How Coffee is Both a Hero and a Villain in the Climate Change Story Daily Coffee News by Roast Magazine

Coffee growing in a full-sun, monoculture system. Daily Coffee news photo by Nick Brown.

[Note: This column is part of an ongoing editorial collaboration with sustainability expert Cory Gilman focused on deconstructing the subject of sustainability in coffee. Follow the full series here.]

There is no shortage of news stories demonizing green coffee production as a contributor to climate change. At the same time, there is a growing body of evidence pointing to its potential climate-positive impacts.

How can such diametrically opposed narratives exist side by side in popular media and within the coffee industry itself? And can they both possibly be true? (Spoiler alert: they often are.)

While such questions may lead to some interesting answers, a more important question might be, what happens when our collective discussions about coffee’s environmental impacts don’t take into account the actual places where coffee is grown, and the people who grow it? 

The coffee sector’s environmental influence is a huge and critical topic on a global scale, but it is nonetheless intertwined with social justice, equity, inclusion, indigenous rights, cultural preservation, livelihoods, land resiliency, economic viability and human health, among other factors.

Over the next few weeks, this series plans to address a number of issues related to the environmental sustainability of coffee and how it relates to the other social and economic issues. 

This post intends to provide a broad comparison of two types of coffee production from a land-use standpoint. Later, I’ll zoom out to assess each from an environmental impact perspective. Finally, we’ll bring it altogether by assessing how they relate to broader socio-economic and rights-based issues. 

Getting Grounded: Where Coffee is Grown and How

There’s a reason coffee so often ends up splashed all over the internet as an emblem of climate change. Beyond being a consumer product of disproportionately high relevance to most people, it is distinct in that it can play either hero or villain in the climate change narrative. 

There is also the matter of where coffee is grown. Arabica species coffee in particular, which represents about 70% of global production, requires specific environmental conditions within equatorial regions.

We’re talking just-right Goldilocks requirements: a thin elevation band of about 1,800 to 6,300 feet, ideal daytime temperatures of 18-24 degrees Celsius and night temperatures below 15 degrees Celsius. This leads to mountainous, forest-heavy, often tropical areas. 

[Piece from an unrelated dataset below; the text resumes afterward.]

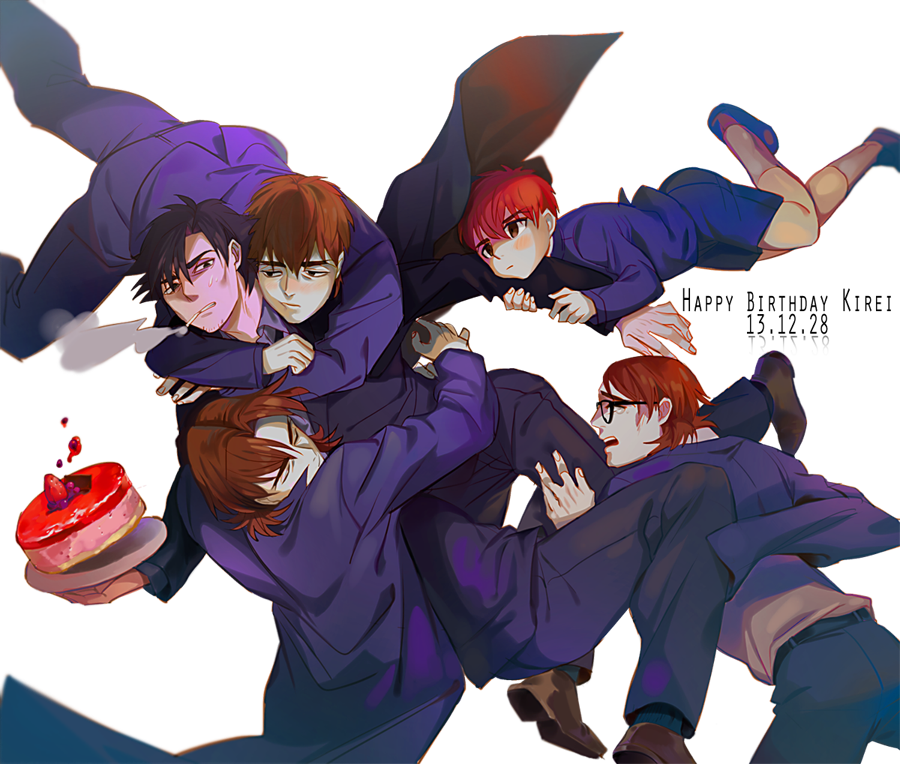 5boys bad_id bad_pixiv_id birthday black_hair brown_hair cake child emiya_kiritsugu fate/stay_night fate/tiger_colosseum fate/zero fate_(series) food glasses kotomine_kirei multiple_boys multiple_persona aged_up samel10 ssam_(samel10) aged_down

Coffee’s interaction with these environments is precisely what can position it as either a contributor to climate change or a mitigating force. In other words, depending on how coffee is grown, it has the potential to be one of the most environmentally beneficial agricultural land uses or it could be one of the most detrimental. 

Agroforestry Systems 

Let’s start with the good. Typically in the wild, coffee grows under a lush multi-strata canopy and works synergistically with this ecosystem to protect and even regenerate its forest home.

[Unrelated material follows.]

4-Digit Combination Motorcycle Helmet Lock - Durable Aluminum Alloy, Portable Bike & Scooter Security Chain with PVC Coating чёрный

Here, coffee is notably shaded, necessitating a low-to-moderate plant density so each has appropriate space to develop its root system and take in adequate elements (light, water, nutrients).

When farmers intentionally mimic this natural environment, it’s called agroforestry —  which in short is an agricultural system with a forest-like setting through the integration of different kinds of trees among crops. This follows the school of thought that nature knows best, and forests can largely take care of themselves without significant inputs or interventions. 

coffee forest

Coffee trees growing in a an agroforested setting. Daily Coffee News photo by Nick Brown.

Within agroforestry systems, coffee may be intercropped with a variety of other complementary crops — depending on local conditions — such as fruit trees.

From a coffee production standpoint, some studies have shown that the lower plant density necessitated by agroforestry systems can be countered by improved plant resiliency and even coffee quality.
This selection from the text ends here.